SAO PAULO, March 9 (Thomson Reuters Foundation) - Last December, when physician Victor Heitor Gomes became health director for Rafard, a municipality 150 km northwest of São Paulo, he knew he had a challenge ahead.

The only clinic in the town of 9,000 had been through hard times: heavy rains in mid-November caused part of a meeting room wall to collapse and a month later more rain flooded parts of the building, including the surgery room and common areas.

The problems forced the clinic to relocate some services to other rooms - and repairing the meter-long hole in the meeting room wall had to be put on hold because of ongoing rain in the Brazilian summer.

Harsher rains and increasingly scorching temperatures have made life tough for doctors in other ways as well, Gomes said.

"They're changing the seasonality of certain diseases. You don't expect to see dengue in the winter, but it's getting more common now," he said.

Extreme weather, like the floods that ravaged the Maria Tereza Apprilante Gimenez Basic Healthcare Unit in Rafard, are increasingly a threat throughout the region as climate change takes hold - and are creating an additional burden for health workers struggling to battle the coronavirus pandemic.

According to the Pan American Health Organization, almost 70% of the 18,000 hospitals in Latin America and the Caribbean are located in areas highly vulnerable to floods, major earthquakes or hurricanes.

Inundation is the most common threat.
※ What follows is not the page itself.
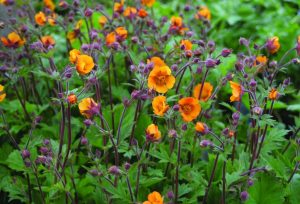Geum 'Carlskaer' – Gyömbérgyökér D14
Nearly 550 floods hit the region in the two decades between 2000 and 2019, affecting over 40 million people and causing almost $26 billion in damages, according to a 2020 report from the U.N. Office for the Coordination of Humanitarian Affairs (UNOCHA).
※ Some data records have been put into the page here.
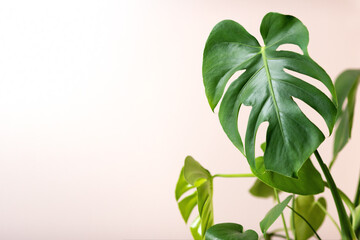 Monstera houseplant, greenery in the interior, large leaves of monstera, house flowers in a pot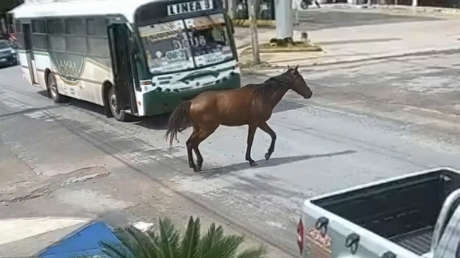 Esto ocurre cuando un caballo aparece de repente en plena avenida (VIDEO)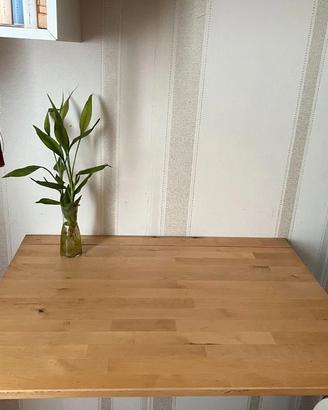 Tavolo pieghevole "Ikea" (modello Norbo)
Brazil is the most flood-prone country in Latin America, the report said.

A view of a collapsed wall at the Rafard Basic Healthcare Unit, following heavy rains in Rafard, Sao Paulo state, Brazil, November 2020. Credit: Rafard Municipal Administration

HEAVIER RAIN

The storms that hit Rafard are a worry as well for nearby São Paulo, the largest city in Brazil and in South America.

Concrete-filled urban areas act as "heat islands" that absorb and then slowly release the sun's heat, making them hotter than surrounding rural areas.
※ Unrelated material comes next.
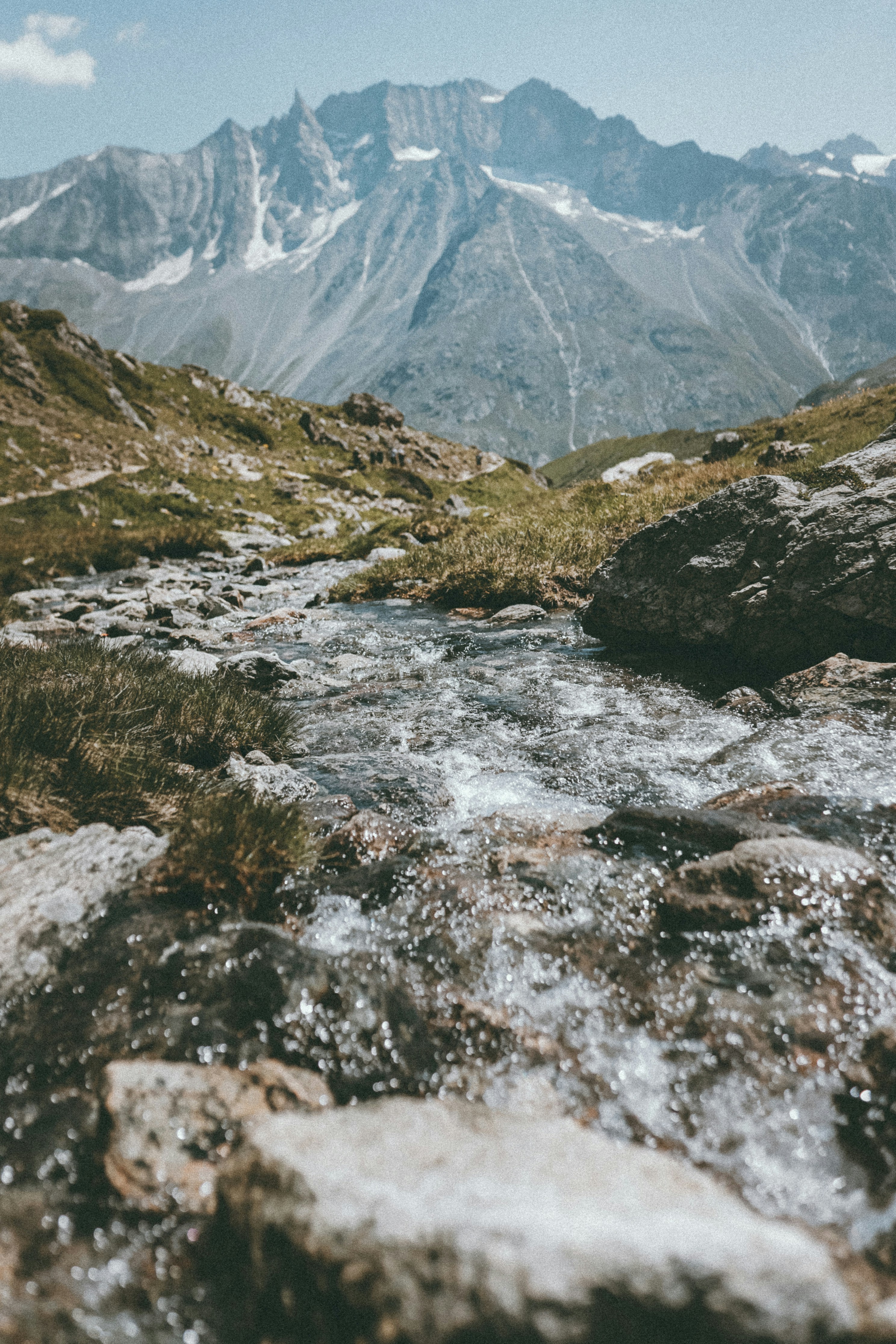 Photo by corina_rainer_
In cities like São Paulo, that extra heat combines with humidity arriving from the nearby Atlantic Ocean to create heavier rain, said Tércio Ambrizzi, an atmospheric scientist at the University of São Paulo.

"The heat lifts and condenses the humidity, making it rain," often more intensely than might happen elsewhere, said the scientist, who co-authored a 2020 study on changing rain patterns in metropolitan São Paulo between 1930 and 2019.

Using data from the Brazilian National Institute of Meteorology, researchers found that heavy rain is becoming more concentrated in shorter periods, while dry spells stretch longer.

The changes have been particularly noticeable over the last decade, they said.

In 2014, Sao Paulo's hottest summer in seven decades, water reservoirs for the city dropped below 20% capacity, in the city's biggest water crisis on record and a serious threat for healthcare facilities.

Extremely heavy rainfall events - the kind that can trigger disasters - similarly nearly doubled in the last decade compared to 1971-1980, researchers found.

The extremes are most apparent in Brazil's southern and southeast regions, and are a particular problem for heavily populated cities such as Rio de Janeiro and Porto Alegre, which are highly vulnerable to floods and landslides in part because of poor urban planning, Ambrizzi said.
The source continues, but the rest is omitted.